At the Security Standard Conference being held here through Sept. 7, the two massive industry players said they have completed the technological tinkering necessary to allow San Jose, Calif.-based Ciscos NAC (Network Admission Control) security architecture to work alongside Microsofts NAP (Network Access Protection) offering. Both technologies are meant to help companies improve network security by allowing them to further track and verify specific details of individual devices and end users who attempt to access corporate systems.
First announced in October 2004, the partnership is aimed at quelling concerns expressed by the partners common customers over their ability to support NAC and NAP simultaneously, Cisco and Microsoft executives admitted.
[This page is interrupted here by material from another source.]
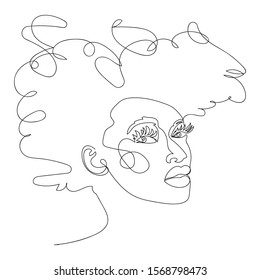 Fashionable illustration, feminine stylish image of fashion, minimalism, expression, modern pattern.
End-user organizations have feared that, if such an effort were not launched and consummated by the vendors, they would be forced to abandon one of the technologies in favor of the other, the companies said.
Among the benefits promoted by the partners as a result of their work will be customers ability to choose among individual components and infrastructure templates present in NAC and NAP, allowing them to piece together various elements of the two systems to help address their specific needs in a single, interoperable network, company officials said. The effort also promises to allow customers to continue to use any existing NAC and NAP products they have already adopted without modifying those technologies significantly.
In addition, the companies said they have created a single software agent to be included in Microsofts Windows Vista, due in November, that will allow computers running the operating system, or the companys Windows Server Longhorn package, to include NAPs central agent component as part of the products core operating system, which will be used for both the Cisco and Microsoft technologies.
The partners have also launched an effort to simplify the development of third-party software designed for businesses running Vista, through which the NAP clients APIs will serve as the single programmatic interface used for reporting the performance of both NAC and NAP systems.
Other milestones achieved by the companies include added support for operating systems other than Windows for use alongside NAP and NAC, and new joint software agent distribution and update capabilities.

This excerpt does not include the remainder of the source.